Однако указ о прищемлении хвостов бюрократам задерживался, и мать вынуждена была действовать в одиночку – своими, партизанскими методами.
Однажды она пришла на конный двор и, как солдатка, попросила у заведующего лошадей – привезти сена корове.
– Вас тут до такого хрена ходит – и всем дай! – раздраженно ответил заведующий.
Мать схватила со стола чернильный прибор и шарахнула им в заведующего. Но промахнулась. Тогда она сгребла табуретку и гоняла заведующего по конторе до тех пор, пока ее не утихомирили подоспевшие на шум коновозчики.
Мать ничего и никого не боялась: ни бога, ни черта, ни лихого человека, ни начальства, ни тюрьмы, ни сумы. К своим тридцати пяти годам она прошла через все испытания: были в ее жизни тифозные бараки и солдатские теплушки, тонула она и горела, отбивалась от волков, раскулачивала и ее раскулачивали дураки-перегибщики. И побираться мать ходила с грудными детьми, и басмачи ее конями топтали, и бандиты – знаменитая «Черная кошка» – приставляли нож к горлу.
Так что страх в ее душе выгорел весь, до донышка.
Но в мои мальчишеские конфликты мать не вмешивалась. Наоборот, я и вякнуть при ней не смел, что обижен кем-то.
Изредка мне на помощь приходила старшая сестра Тонька. Правда, меня это вовсе не радовало. Тонька действовала по-девчоночьи, не соблюдая правил. Захватив нас за выяснением отношений, она яростно кидалась в атаку, не различая, где враги мои, где болельщики, а где судьи. Случалось, вместе со всеми удирал от нее и я – из солидарности.

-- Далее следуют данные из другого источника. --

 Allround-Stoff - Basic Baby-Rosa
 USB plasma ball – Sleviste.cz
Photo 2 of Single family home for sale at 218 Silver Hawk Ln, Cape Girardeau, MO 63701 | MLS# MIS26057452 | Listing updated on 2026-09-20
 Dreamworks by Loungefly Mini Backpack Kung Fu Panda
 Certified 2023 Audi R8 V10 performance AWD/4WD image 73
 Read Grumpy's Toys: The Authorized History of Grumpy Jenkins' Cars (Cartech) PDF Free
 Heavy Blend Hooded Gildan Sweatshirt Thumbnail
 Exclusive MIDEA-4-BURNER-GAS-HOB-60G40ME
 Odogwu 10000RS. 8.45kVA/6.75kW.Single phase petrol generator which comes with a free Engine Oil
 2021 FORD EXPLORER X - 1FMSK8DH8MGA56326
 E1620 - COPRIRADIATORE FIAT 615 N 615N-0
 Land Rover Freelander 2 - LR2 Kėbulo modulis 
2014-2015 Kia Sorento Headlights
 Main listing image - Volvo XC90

Ребята старались близко Тоньку не подпускать. Они швыряли в нее комками и дразнились, приплясывая:
Антонида – бела гнида,
Сера вошь – куда ползешь?
Тонька не кланялась «пулям». Она только проворачивалась на пятках – тонкая, как веретено, – и комки свистели рядом, не задевая ее. Не дай бог было оказаться в цепких Тонькиных руках. Она не столько била, сколько конфузила: хватала за волосы и возила мордой по земле.
Увы, Тонькино заступничество лишь покрывало меня позором и множило число моих врагов.

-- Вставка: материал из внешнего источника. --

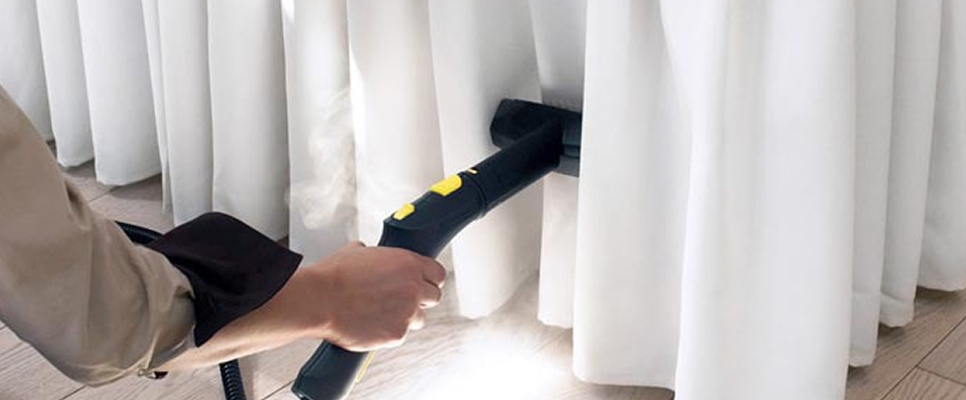 professional curtain cleaning services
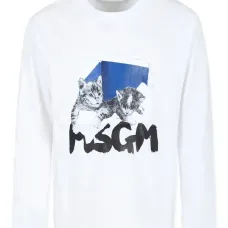 Футболка с логотипом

Но зато как интересно жилось без охранных кулаков старших братьев! Улица была не только местом игр и прогулок. Всякий раз, выходя за калитку, я ступал на тропу войны. За каждым поворотом и плетнем караулила меня опасность. Слева, в узком проулке, мог неожиданно возникнуть угрюмый Гвоздь, с ременным кнутом за голенищем. Справа, в мелкой ложбинке, меня могли перевстреть длинноголовые братья Ваньки Ямщикова. Эту ложбинку я всегда пролетал стремглав. Дальше, на взгорке, жил Васька Багин, и никогда не было известно, чью руку держит он сегодня.
Выходы с Аульской стерег грозный кузнецкий хулиган Мишка-Буржуй со своей шайкой.
Замирало сердце от ежеминутного предчувствия схватки.
Горели от страха пятки.
Напрягались мускулы под дырявой рубашкой.
Стригли коварную тишину уши.
Не было мира, и не было покоя. Был восторг непрекращающегося сражения.